The fragile power-sharing government between Zimbabwean President Robert Mugabe and rival Morgan Tsvangirai is expected to feature prominently when leaders from the Southern African Development Community meet on Wednesday and Thursday in the Angolan capital, Luanda.
But analysts voiced doubt the leaders would take definitive action on Zimbabwe, whose "unity government" has restored a measure of stability since violent elections in 2008 but is stalled over the drafting of a new constitution meant to pave the way to fresh polls.
"I don't foresee the resolution of the Zimbabwe issue at the Luanda summit," Takavafira Zhou, a political scientist at Masvingo State University, told AFP.

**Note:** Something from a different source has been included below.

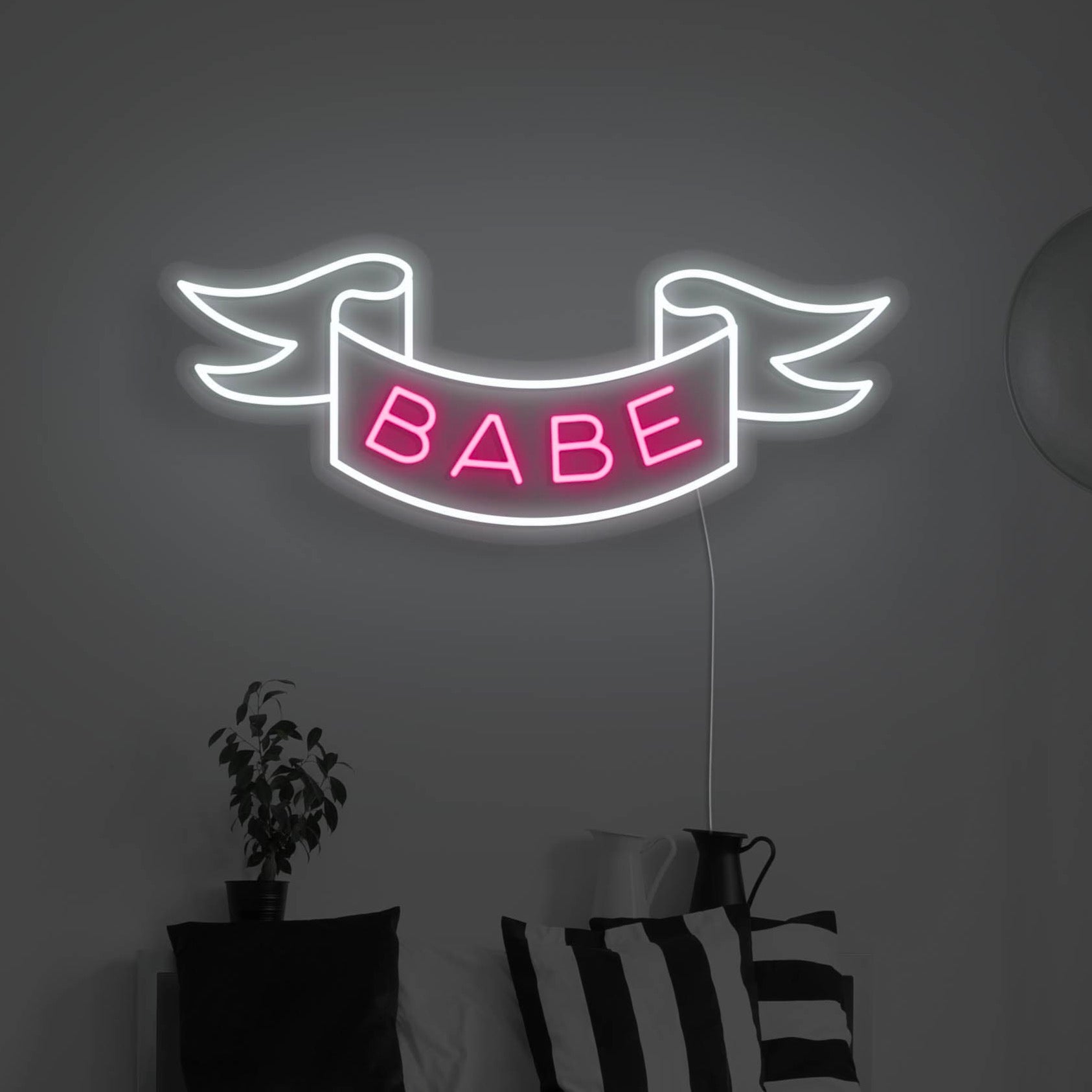 Babe LED Neon Sign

"To get all the leaders to agree on Zimbabwe is impossible," he said, adding that Mugabe has the support of fellow liberation movement veterans who fought the region's colonial regimes.
The Zimbabwe crisis has divided the SADC between liberation leaders who were comrades-in-arms with members of Mugabe's Zanu-PF party and a new generation of politicians riding on the agenda of democracy and good governance.
Those old friendships have complicated the SADC's efforts to break the impasse between Mugabe and Tsvangirai.
The rivals remain at loggerheads over new elections, with Mugabe insisting polls go ahead this year with or without a new constitution, while Tsvangirai wants the reforms agreed to in their power-sharing pact implemented first.
Last month their parties agreed to an election "roadmap" that would put the new vote in 2012 at the earliest, but Mugabe has undermined it by continuing to call for polls this year.
Independent political analyst Takura Zhangazha said the Luanda summit will not achieve a breakthrough unless Zimbabwe's leaders iron out their differences.
"I don't think anything will significantly change unless if the principals in the inclusive government were to issue a public statement before the summit, committing themselves to the election roadmap," he told AFP.
But the parties are far from united going into the summit.
Zanu-PF spokesperson Rugare Gumbo sounded an optimistic note on the meeting's prospects.
"Our expectation is that the summit will come up with a positive outcome for Zimbabwe. The people of Zimbabwe seem to be united now and the summit should support them," he said.
But Douglas Mwonzora, spokesperson for Tsvangirai's Movement for Democratic Change (MDC), said SADC leaders should pressure Mugabe to accept reforms, including a human rights bill and security sector reforms, and clear the way for free elections.
"There has not been any movement towards or implementation of the agreed reforms since the last SADC summit," Mwonzora said.
"SADC has to act now. SADC has to help us address the outstanding issues and put pressure on Zanu-PF and Mugabe to do what is right."